Cardiovascular scientists at NYU Langone Medical Center have identified in mouse models a protein known as Pcp4 as a regulator of the heart's rhythm. Additionally, when the Pcp4 gene is disrupted, it can cause ventricular arrhythmias.

Results from this animal study were released online in the peer-reviewed publication, The Journal of Clinical Investigation.

"This study demonstrates that Purkinje cell protein-4 (Pcp4) is not only important in maintaining the heart's normal rhythmic behavior, but that when Pcp4 expression is reduced, it short-circuits electrical activity in a small but critical population of cells in the heart muscle, leading to cardiac arrhythmias," said Glenn I. Fishman, MD, William Goldring Professor of Medicine and Director of the Leon H. Charney Division of Cardiology at NYU Langone, and the study's senior author. "We see increased morbidity and mortality when Pcp4 expression is abnormal in our animal models, including ventricular arrhythmias and sudden cardiac death."

Using mouse models of cardiomyopathy and fluorescent tags, the research team was able to isolate cardiac Purkinje cells and show that Pcp4 expression was down-regulated in the diseased hearts, producing electrical abnormalities that increased their susceptibility to arrhythmias. Investigators also found Pcp4 in cardiac ganglia, where it also influences the heart's rhythm and modulates heart rate control. "Now that we know that Pcp4 is an important regulator of the heart's rhythm, it could serve as an important drug target for treating arrhythmias," added Dr. Fishman. "Although much work remains to be done, our data suggest that drugs that mimic Pcp4's action in the heart could potentially stabilize the heart's rhythm."
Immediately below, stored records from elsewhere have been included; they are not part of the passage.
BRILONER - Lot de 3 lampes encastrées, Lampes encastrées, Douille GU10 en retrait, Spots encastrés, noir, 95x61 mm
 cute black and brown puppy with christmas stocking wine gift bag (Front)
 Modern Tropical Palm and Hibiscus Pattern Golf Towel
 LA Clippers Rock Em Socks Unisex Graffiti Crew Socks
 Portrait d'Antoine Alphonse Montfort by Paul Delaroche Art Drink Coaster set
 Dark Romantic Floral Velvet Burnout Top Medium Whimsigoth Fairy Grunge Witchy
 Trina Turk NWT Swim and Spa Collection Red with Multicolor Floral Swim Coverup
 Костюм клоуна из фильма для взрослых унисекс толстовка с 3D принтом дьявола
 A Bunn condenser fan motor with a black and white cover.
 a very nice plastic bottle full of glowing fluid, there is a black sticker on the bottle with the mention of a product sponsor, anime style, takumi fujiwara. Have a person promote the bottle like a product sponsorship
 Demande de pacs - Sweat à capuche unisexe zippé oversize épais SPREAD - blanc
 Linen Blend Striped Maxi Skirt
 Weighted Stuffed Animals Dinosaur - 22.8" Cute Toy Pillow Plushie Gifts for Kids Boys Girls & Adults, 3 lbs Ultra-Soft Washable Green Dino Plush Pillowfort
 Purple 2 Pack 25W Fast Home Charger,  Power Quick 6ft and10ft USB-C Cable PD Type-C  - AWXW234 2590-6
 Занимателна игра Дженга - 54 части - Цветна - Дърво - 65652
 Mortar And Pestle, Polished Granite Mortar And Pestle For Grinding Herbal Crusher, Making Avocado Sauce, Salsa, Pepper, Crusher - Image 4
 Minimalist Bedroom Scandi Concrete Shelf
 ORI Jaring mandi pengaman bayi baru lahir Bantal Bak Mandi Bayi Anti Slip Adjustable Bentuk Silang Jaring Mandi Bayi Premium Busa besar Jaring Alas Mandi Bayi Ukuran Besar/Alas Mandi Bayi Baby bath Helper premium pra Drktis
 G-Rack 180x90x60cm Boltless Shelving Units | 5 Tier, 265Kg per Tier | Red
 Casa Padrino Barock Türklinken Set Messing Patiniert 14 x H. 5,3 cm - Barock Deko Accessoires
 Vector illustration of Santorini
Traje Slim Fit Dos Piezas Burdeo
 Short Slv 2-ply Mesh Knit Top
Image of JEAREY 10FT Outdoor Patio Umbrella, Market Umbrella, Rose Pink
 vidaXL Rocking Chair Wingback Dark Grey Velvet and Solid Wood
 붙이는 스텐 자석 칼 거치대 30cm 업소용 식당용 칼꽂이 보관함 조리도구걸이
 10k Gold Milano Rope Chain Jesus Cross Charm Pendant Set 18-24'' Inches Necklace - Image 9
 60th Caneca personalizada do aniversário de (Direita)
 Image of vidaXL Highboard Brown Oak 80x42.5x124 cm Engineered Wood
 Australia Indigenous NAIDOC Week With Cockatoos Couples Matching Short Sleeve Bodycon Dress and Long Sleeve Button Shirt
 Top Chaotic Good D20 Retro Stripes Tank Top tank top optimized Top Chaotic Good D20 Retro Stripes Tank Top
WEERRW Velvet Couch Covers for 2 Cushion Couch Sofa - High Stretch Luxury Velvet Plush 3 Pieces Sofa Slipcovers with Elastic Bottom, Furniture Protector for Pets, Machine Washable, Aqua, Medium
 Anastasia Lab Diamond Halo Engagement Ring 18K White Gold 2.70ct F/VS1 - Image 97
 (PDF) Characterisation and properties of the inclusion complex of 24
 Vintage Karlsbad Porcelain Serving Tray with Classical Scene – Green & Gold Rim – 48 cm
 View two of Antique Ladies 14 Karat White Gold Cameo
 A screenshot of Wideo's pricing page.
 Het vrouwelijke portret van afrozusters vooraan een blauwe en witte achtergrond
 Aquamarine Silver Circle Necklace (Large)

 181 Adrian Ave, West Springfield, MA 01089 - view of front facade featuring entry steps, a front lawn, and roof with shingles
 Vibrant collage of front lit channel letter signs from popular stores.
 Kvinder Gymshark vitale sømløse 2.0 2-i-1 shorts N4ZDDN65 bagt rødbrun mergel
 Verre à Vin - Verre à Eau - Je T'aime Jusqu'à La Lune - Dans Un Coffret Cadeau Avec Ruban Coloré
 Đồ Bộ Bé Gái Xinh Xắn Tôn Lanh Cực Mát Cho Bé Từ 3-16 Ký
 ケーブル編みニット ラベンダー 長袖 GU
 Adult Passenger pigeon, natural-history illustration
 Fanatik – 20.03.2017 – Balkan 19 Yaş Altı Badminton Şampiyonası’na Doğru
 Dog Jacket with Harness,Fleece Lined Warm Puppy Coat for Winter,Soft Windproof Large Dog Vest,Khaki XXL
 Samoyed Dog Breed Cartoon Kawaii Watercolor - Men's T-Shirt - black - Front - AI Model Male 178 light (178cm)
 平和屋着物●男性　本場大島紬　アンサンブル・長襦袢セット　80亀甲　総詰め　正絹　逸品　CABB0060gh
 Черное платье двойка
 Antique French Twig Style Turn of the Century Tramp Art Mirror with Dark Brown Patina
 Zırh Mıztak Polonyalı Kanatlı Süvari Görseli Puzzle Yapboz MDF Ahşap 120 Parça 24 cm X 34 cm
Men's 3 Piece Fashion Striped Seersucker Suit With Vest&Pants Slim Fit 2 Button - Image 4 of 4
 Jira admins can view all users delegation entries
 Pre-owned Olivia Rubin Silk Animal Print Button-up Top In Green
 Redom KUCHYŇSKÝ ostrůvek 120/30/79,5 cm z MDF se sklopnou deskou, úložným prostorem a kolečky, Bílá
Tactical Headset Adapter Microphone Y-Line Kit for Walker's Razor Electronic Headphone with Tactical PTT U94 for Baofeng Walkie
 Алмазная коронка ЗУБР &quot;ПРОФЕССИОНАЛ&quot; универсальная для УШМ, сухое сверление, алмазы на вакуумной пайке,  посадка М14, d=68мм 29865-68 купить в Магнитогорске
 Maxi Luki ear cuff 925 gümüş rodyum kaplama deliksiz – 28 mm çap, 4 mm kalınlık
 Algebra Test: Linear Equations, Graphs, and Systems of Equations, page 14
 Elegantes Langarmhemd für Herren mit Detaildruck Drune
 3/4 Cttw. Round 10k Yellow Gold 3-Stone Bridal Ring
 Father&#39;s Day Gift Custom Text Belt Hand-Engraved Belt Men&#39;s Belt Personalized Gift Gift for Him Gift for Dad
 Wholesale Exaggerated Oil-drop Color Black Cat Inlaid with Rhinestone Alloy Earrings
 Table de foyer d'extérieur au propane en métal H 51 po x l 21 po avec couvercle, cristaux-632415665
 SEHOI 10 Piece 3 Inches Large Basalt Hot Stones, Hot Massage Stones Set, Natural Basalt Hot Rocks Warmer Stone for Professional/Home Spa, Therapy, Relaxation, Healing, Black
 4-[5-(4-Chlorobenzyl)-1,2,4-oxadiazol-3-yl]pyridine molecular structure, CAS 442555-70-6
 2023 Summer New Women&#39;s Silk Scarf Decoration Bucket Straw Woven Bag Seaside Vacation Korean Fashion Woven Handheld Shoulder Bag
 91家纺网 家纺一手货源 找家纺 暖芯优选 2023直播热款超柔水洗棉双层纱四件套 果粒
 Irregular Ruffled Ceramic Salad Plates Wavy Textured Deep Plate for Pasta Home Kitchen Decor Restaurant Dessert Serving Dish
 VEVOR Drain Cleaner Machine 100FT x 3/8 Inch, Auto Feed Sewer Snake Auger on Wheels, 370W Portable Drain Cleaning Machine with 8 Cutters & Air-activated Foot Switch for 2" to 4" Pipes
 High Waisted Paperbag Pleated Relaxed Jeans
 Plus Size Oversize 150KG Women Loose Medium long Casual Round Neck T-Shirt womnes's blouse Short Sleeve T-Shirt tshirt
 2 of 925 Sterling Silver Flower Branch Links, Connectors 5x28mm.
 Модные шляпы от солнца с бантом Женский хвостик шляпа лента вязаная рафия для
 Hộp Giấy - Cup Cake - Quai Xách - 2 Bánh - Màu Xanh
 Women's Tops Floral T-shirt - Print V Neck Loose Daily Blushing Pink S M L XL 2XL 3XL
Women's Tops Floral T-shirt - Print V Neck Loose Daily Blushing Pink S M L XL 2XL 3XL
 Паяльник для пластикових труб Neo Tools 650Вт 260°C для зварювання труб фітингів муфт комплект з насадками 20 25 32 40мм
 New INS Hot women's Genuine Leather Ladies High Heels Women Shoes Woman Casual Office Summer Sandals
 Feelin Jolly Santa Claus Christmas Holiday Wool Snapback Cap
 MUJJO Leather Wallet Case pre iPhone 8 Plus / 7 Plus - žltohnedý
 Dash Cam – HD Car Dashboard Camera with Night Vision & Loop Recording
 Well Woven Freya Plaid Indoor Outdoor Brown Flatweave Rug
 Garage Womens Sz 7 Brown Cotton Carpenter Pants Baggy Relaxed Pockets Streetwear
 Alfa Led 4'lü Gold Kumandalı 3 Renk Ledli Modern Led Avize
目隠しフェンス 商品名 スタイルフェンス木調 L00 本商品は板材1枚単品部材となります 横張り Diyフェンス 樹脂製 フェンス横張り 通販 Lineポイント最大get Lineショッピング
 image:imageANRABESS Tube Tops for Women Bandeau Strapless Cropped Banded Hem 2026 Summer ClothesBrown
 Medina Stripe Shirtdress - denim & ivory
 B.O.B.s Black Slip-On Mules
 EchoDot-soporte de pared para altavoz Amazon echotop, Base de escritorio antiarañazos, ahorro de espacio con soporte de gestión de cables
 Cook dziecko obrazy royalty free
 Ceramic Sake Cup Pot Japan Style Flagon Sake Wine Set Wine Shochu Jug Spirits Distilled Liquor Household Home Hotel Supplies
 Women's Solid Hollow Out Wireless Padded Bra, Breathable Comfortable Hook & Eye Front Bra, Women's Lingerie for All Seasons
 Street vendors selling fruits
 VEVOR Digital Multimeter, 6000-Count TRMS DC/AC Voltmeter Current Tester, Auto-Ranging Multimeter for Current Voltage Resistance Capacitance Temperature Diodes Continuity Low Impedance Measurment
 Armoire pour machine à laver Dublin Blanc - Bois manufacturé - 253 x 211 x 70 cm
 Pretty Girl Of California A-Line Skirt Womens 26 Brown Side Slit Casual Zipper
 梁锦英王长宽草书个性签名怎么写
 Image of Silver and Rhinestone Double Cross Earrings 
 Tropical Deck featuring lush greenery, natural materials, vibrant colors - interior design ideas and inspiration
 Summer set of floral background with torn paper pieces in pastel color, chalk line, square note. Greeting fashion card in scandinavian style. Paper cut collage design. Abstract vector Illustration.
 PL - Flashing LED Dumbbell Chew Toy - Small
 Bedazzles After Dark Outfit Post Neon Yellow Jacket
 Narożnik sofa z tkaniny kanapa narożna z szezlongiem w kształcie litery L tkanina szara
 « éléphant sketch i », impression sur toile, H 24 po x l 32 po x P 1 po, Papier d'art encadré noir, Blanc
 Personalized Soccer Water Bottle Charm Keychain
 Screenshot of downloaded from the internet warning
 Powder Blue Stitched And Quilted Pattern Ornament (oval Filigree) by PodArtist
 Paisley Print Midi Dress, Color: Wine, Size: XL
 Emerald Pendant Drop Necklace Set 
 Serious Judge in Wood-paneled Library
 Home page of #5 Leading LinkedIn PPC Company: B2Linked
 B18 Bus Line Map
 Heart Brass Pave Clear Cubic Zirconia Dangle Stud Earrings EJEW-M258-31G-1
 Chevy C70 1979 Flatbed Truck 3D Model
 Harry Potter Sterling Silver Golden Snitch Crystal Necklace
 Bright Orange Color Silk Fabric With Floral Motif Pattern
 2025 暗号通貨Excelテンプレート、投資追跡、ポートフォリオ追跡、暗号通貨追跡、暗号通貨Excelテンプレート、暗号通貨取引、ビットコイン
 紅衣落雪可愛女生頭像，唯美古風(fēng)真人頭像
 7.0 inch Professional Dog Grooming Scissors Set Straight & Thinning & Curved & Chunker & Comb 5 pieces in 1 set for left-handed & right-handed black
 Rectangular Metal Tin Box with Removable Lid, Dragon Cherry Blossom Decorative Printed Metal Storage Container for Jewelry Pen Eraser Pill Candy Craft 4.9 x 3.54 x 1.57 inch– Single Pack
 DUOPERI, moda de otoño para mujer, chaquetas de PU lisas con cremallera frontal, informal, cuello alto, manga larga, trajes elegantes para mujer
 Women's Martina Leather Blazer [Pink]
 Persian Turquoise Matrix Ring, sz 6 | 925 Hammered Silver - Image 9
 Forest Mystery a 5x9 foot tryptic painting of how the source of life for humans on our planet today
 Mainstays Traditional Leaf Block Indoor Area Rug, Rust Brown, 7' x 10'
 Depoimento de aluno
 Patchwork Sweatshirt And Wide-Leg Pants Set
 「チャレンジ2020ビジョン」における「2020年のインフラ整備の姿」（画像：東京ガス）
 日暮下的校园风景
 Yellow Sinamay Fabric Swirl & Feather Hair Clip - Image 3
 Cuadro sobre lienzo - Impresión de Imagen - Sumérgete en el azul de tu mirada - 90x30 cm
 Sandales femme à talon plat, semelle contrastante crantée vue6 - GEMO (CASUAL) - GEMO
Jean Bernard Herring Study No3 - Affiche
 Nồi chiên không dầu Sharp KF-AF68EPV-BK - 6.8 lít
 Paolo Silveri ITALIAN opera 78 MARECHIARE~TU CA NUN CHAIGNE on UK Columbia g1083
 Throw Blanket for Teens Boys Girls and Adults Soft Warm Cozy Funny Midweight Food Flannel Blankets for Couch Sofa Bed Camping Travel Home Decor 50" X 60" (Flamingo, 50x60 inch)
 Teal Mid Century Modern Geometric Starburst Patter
According to the American Heart Association, an estimated 2.7 million Americans are living with arrhythmias. People with arrhythmias can be treated with a surgical procedure, such as getting a pacemaker, implantable defibrillator or a cardiac ablation, or by delivering a shock with external defibrillators. Ablations are effective but limited to specific types of rhythm abnormalities. Drug therapies have fallen out of favor because of side effects. The NYU Langone research team believes that with better understanding of the molecular behavior underpinning arrhythmias, more targeted drugs are on the horizon.